E is for Elantris: Review of Elantris by Brandon Sanderson

Today in my book review series A Fantasy Alphabet I’m looking at Elantris, the debut novel from prolific writer Brandon Sanderson.

It’s hard to believe this book was only published in 2005. Brandon Sanderson has become a huge name in the sff world since then, deservedly so in my opinion, and he has more books out than many authors who started years before him. It feels like he’s been around forever.
And some of those suckers are big – his latest, Words of Radiance, comes in at a whopping 400,000 words. So he’s certainly worked hard to get to where he is today at the top of the sff heap.
Elantris is a lot smaller than that, though still fairly meaty for a first novel, and it shows the great flair for worldbuilding that has been a large part of his success. Not that he’s not good at everything else – his plots are interesting, his characters well-realised – but it’s his worldbuilding that really stands out for me. You always know you’re going to get a really cool magic system or society in a Sanderson world, and Elantris is no exception.
The city of Elantris was once a place of wonder, inhabited by silver-skinned, god-like people. These people had once been ordinary folk, but they’d all been blessed by a random transformation that came upon them in the night. New Elantrians gave up their old life and moved to Elantris to live in bliss for eternity.
But ten years ago something went wrong, and the transformation became a sickly curse, and the power of Elantris was lost. At the beginning of the novel, Raoden, the crown prince of the neighbouring city, suddenly becomes an Elantrian, and is hurled into what is now the nightmare world of Elantris, where people exist in eternal suffering and eventually go mad.

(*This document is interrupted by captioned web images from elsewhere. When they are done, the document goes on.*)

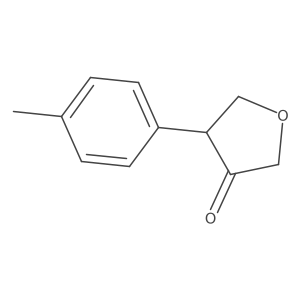 4-(4-Methylphenyl)oxolan-3-one Structure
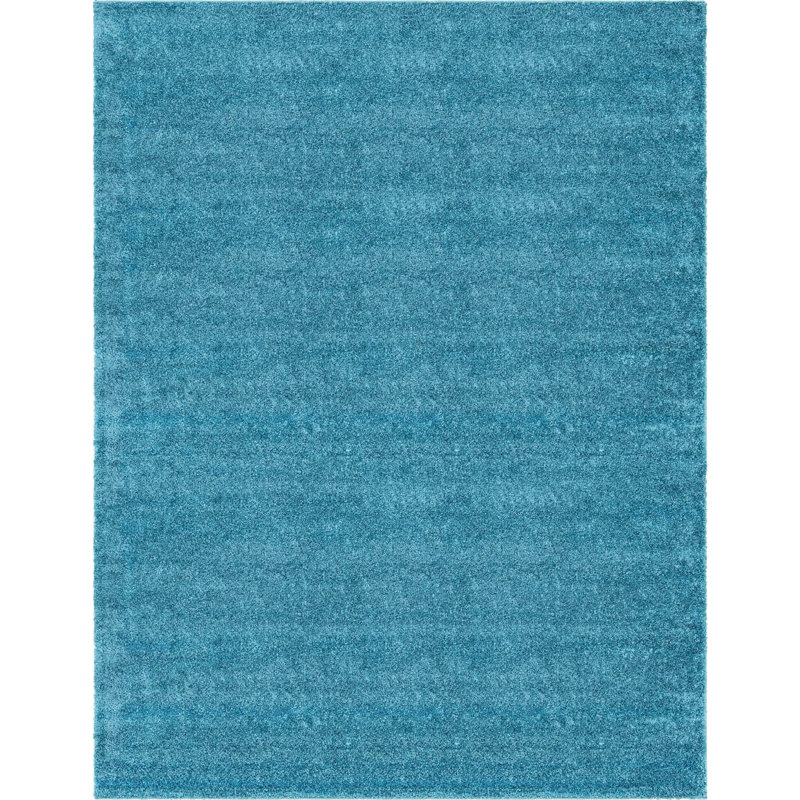 Tapis turquoise, Rectangle 10 pi x 13 pi 1 po
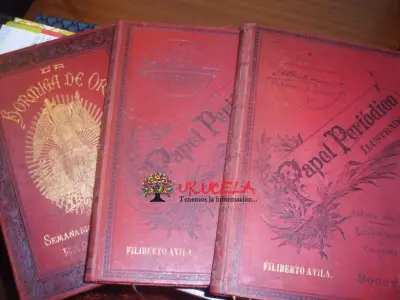 LIBROS PAPEL PERIODICO 1895-1900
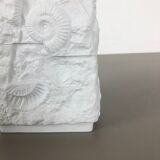 1970s OP Art biscuit porcelain german vase made by  AK Kaiser, Germany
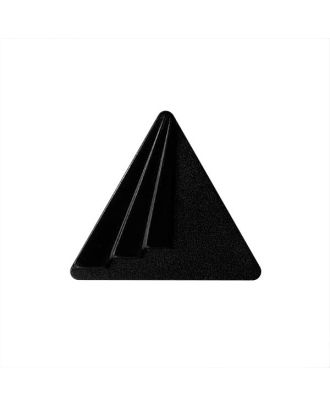 polyamide button triangular shape with shank - Size: 25mm - Color: black - Art.No.: 370985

Talk about bad timing – his fiancee, a foreign princess who he’s never met but is kind of half in love with already from their correspondence, arrives for their wedding a few days later. Poor Sarene is met with the news that her fiancee is dead, but the betrothal is nevertheless binding, so now she’s a widow in a strange city.
And it is a strange city – Raoden’s father’s only been on the throne ten years, since the revolution when Elantris fell. No one’s happy, especially not with a neighbouring country threatening war or at the least forcible conversion to their dark god. The priest Hrathen arrives to try to convert the city, and at first he seems the stereotypical “evil priest” bad guy, but there’s a lot more to him than that.
These three characters – Raoden, Sarene and Hrathen –  share the narration, and the way their stories wind around each other and ultimately collide is very well done. There’s a lot of depth to the characters, particularly Hrathen, who is the most nuanced antagonist I’ve seen in a long time. He’s not really a “bad guy” at all, just a person with a different agenda to the two protagonists.
Raoden seeks answers to his personal problems and those of his country in researching the ancient magic system of Elantris. In the process he discovers what caused the problem ten years ago and how to fix it, in a race-against-time climax that occurs as his country is invaded. The answer is very clever.
There’s a lot happening in this book – magic, romance, human relationships and their dilemmas, humour, drama and mystery – and it makes for a satisfying read. It’s like a whole three-volume fantasy saga packed into one exciting volume. If you haven’t read Sanderson before, this is a good place to start. Highly recommended.